[Captioned web image data]
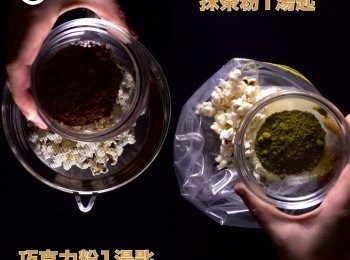 step3: 把爆谷分成三份，其中兩份加入抹茶粉及巧克力粉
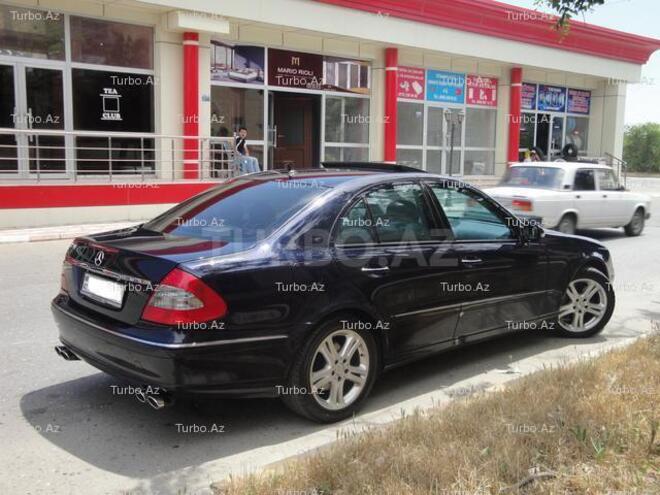 Mercedes E 350 2006, 211,500 km - 3.5 l - Bakı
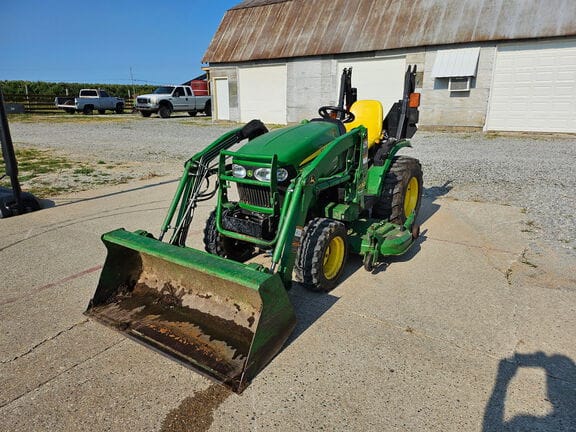 2014 John Deere 2025R Equipment Image0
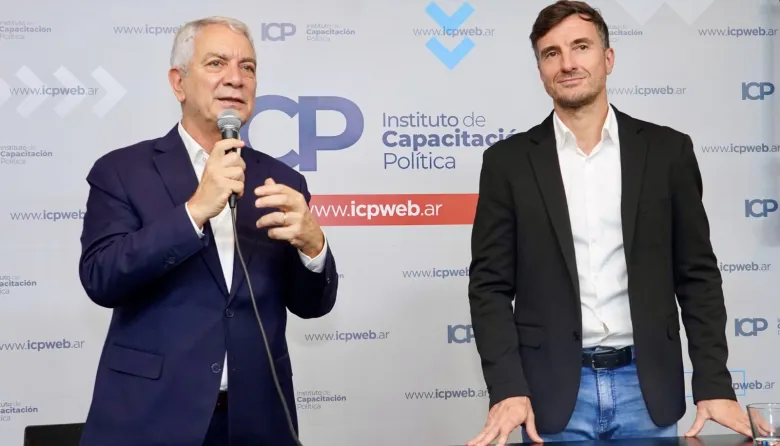 Con Alak y Ghi, comenzó en La Plata un ciclo de conferencias sobre gobiernos y territorios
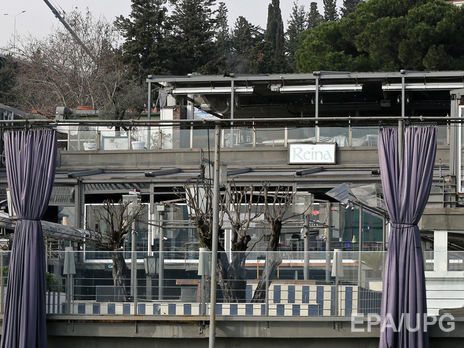 Украинка, которая спаслась во время теракта в Стамбуле: Одежду мы потеряли, бежали полураздетые по улице с полкилометра под дождем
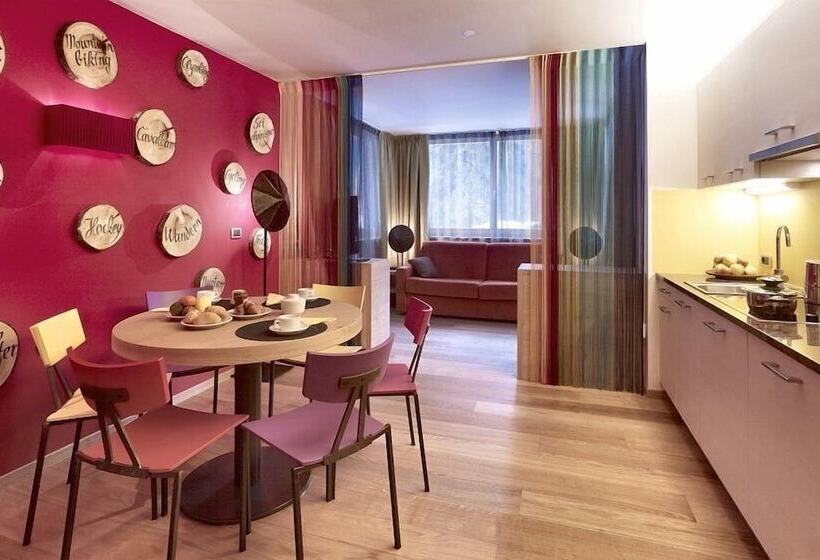 带2个卧室的公寓, Color Home Suite Apartments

* _WORK TO COMPLETE_
Exact copy, no pictures: please print every record above as written.

* _RESPONSE BELOW_
 step3: 把爆谷分成三份，其中兩份加入抹茶粉及巧克力粉
 Mercedes E 350 2006, 211,500 km - 3.5 l - Bakı
 2014 John Deere 2025R Equipment Image0
 Con Alak y Ghi, comenzó en La Plata un ciclo de conferencias sobre gobiernos y territorios
 Украинка, которая спаслась во время теракта в Стамбуле: Одежду мы потеряли, бежали полураздетые по улице с полкилометра под дождем
 带2个卧室的公寓, Color Home Suite Apartments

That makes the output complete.